Hacker News new | ask | show | jobs
by fxtentacle 2243 days ago
My personal experience with capsule networks is that they didn't work better than a similar number of ungrouped neurons in any case.

If capsules work wonders for you, my first guess would be that you can improve your training of the standard network to make it work equally well.

In general, my hunch is that capsules are still too low level and too much of a local change to make a strong difference.

To give an example, all of the state of the art optical flow AIs are based on building cost volumes and then resolving them. There are edge cases, where one can prove mathematically that reducing the cost volume to a flow direction will make it impossible to produce the correct result. So to make a significant contribution, it doesn't help to use capsules in the feature processing stage, but you need to replace the entire architecture.

1 comments

Thank you. You may be right. To some extent we're all guessing based on our own hunches :-)
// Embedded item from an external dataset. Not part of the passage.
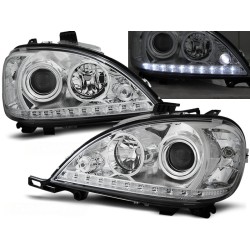 MERCEDES W163 ML 98-01 - přední chrom světla s LED svícením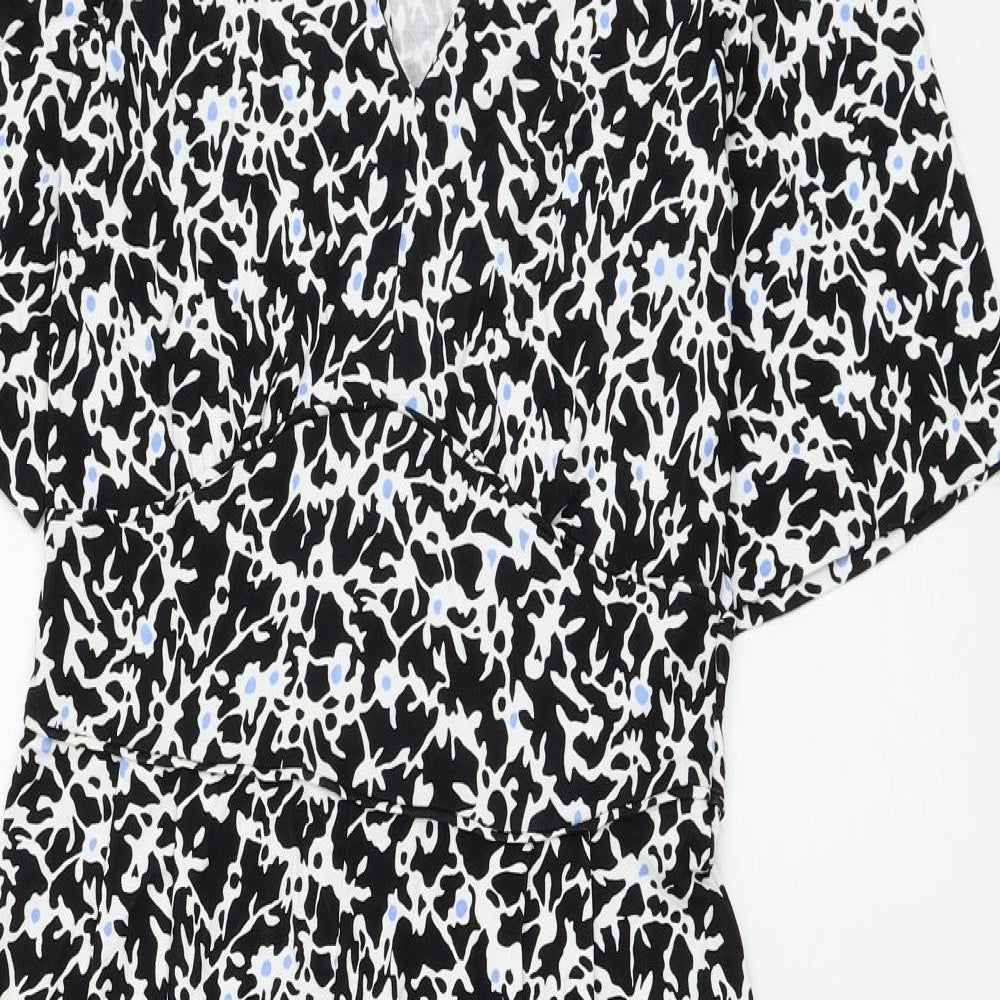 Jigsaw Womens Black Floral Viscose Fit & Flare Size M V-Neck Pullover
FWIW, I've had the most success with EM/Heinsen-type routing algorithms -- that is, those in which each output capsule is generated by a probabilistic model (such as a Gaussian mixture), and the output capsule activates only to the extent its model can explain (i.e., generate) its view of input data better (in some quantifiable manner) than other output capsules. The notion that an output capsule "must explain input data better than other capsules in order to activate" is very appealing to me as a mechanism for inducing per-layer "explainability" in models.
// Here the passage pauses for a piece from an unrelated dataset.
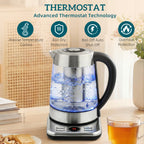 Electric Kettle, 1.7L Fast Boil 3KW Water Kettle with UK Strix Thermostat, Tea Infuser, Keep Warm Function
In my experience so far, routing tends to work better on top of conventional architectures, e.g., use a ResNet for feature detection and stack two or more routing layers on top for classifying into hidden factors and then into training labels. Also, to get models to converge, I have found it helps to apply a nonlinear transformation to the features and then at least two routing layers on top. (I don't have a good explanation as to why two or more tend to work better than only one.) Finally, I usually feed only the capsule activations to the loss function -- that is, during training I let the capsules themselves "do whatever they want" to learn to explain input data.